#Reviewing From Hegemony to Competition

From Hegemony to Competition: Marine Perspectives on Expeditionary Advanced Base Operations. Edited by Matthew R. Slater. Quantico, VA: Marine Corps University Press, 2022.


Pete Ellis was promoted to Captain in the Marine Corps in 1911 and was looking for a new challenge. In search of adventure and an engagement with cutting edge technology, he asked Headquarters, Marine Corps for orders to flight school to become one of the early naval aviators. Instead, however, Commandant Biddle had a different billet that needed to be filled, and he sent the young officer off to Newport, Rhode Island to join the student body of the Naval War College.
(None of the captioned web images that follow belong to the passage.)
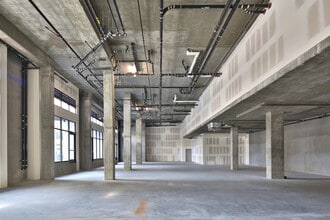 437 S Hill St, Los Angeles, CA à louer Photo intérieure– Image 1 sur 2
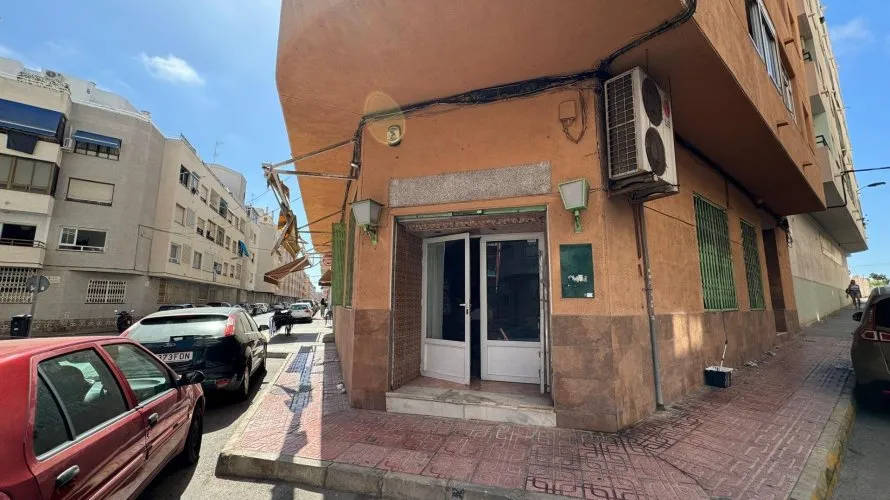 118m² commercial property for sale, Torrevieja, Spain No. 96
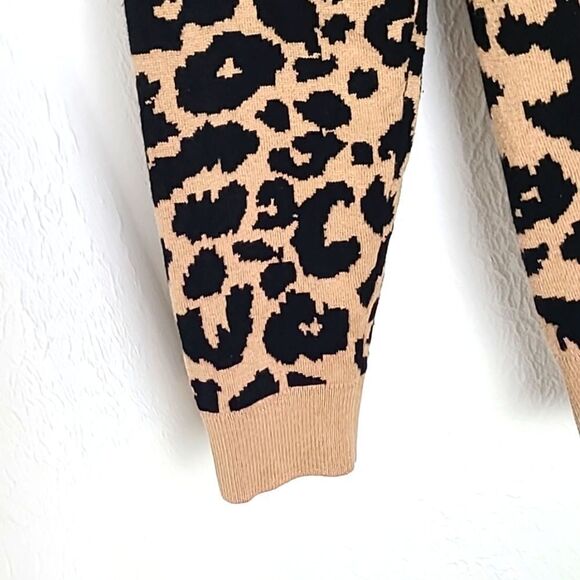 Jaclyn Smith Pullover Animal Print Sweater, Size XL - Picture 4 of 8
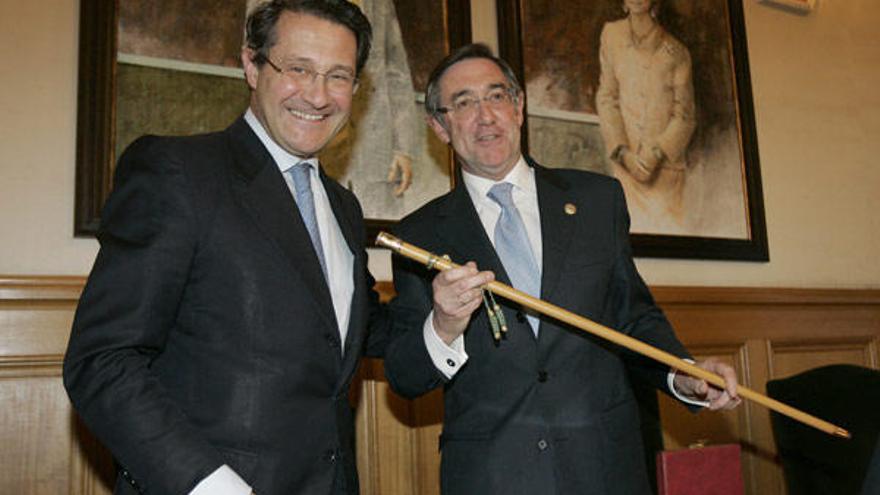 Conde Roa entre el bastón de mando a Ángel Currás, nuevo alcalde de Santiago.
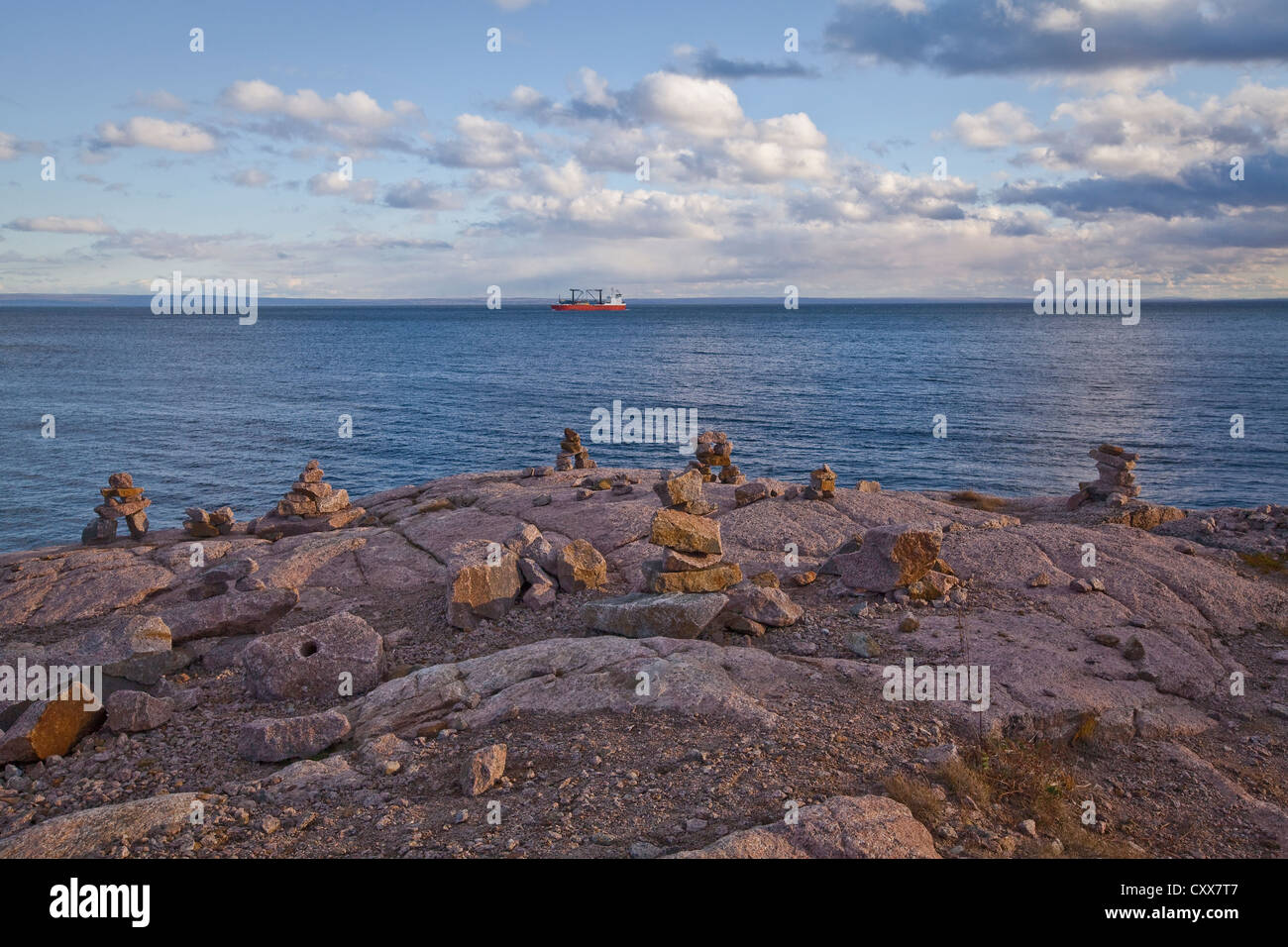 Sonnenuntergang auf Inuksuit (plural Form von Inuksuk) vor den St. Lawrence River in der Essipit Innu-Gemeinschaft Stockfoto
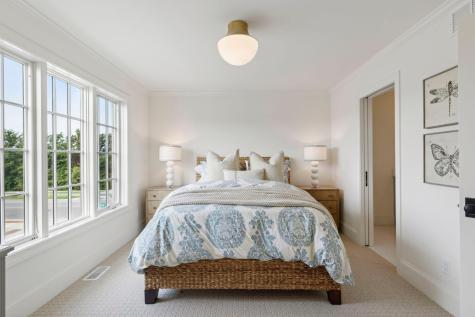 956 Mississippi River Boulevard S Saint Paul MN 55116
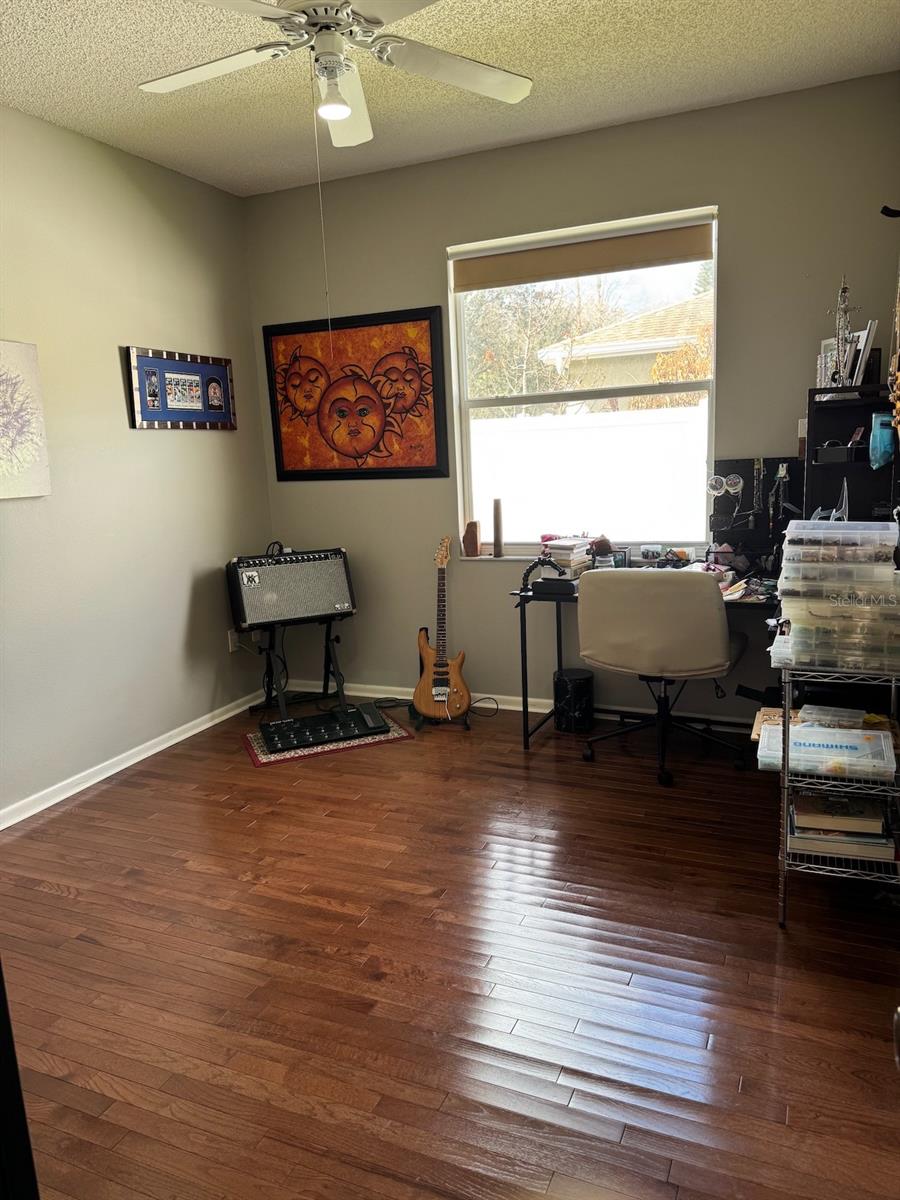 Image 21 of 37 For 18408 Bittern Avenue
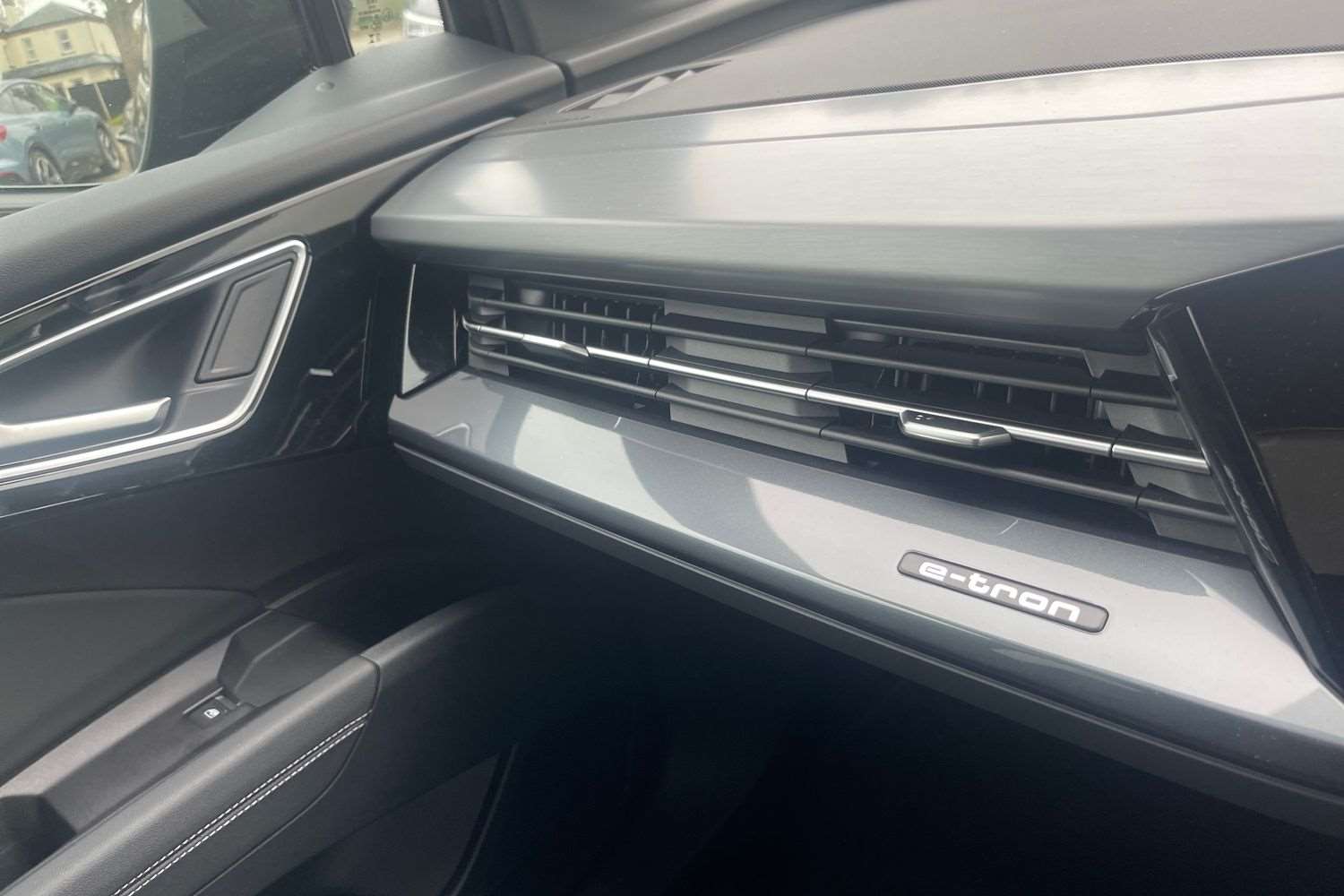 Used Audi Q4 e-tron 2025 for sale - 76746120: Photo 32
Ellis completed the summer course, as ordered, and impressed his instructors. The Navy asked the Marine Corps to leave him in place for the longer and more rigorous “winter course.” At the end of a year in Newport, the President of the War College again asked the Marine Corps to keep Ellis in place for another year so he could serve as an instructor. The Corps agreed.

During this period, the foundations were laid for the strategic mindset that would allow Ellis to become one of the leading thinkers on the future of the Marine Corps and a vital agent for change within the Corps itself. In 1911 and 1912 he wrote three papers that were compiled as “Naval Bases: Their Location, Resources, and Security” and “The Advanced Base Force” and which laid the groundwork for the Marine Corps’ amphibious transition in the years after the First World War. His time at the Naval War College introduced him to strategic thinking and created within him a keen engagement with the roles and missions of the Marine Corps which would carry through to his untimely death in 1923 and reshape the modern Marine Corps.[1]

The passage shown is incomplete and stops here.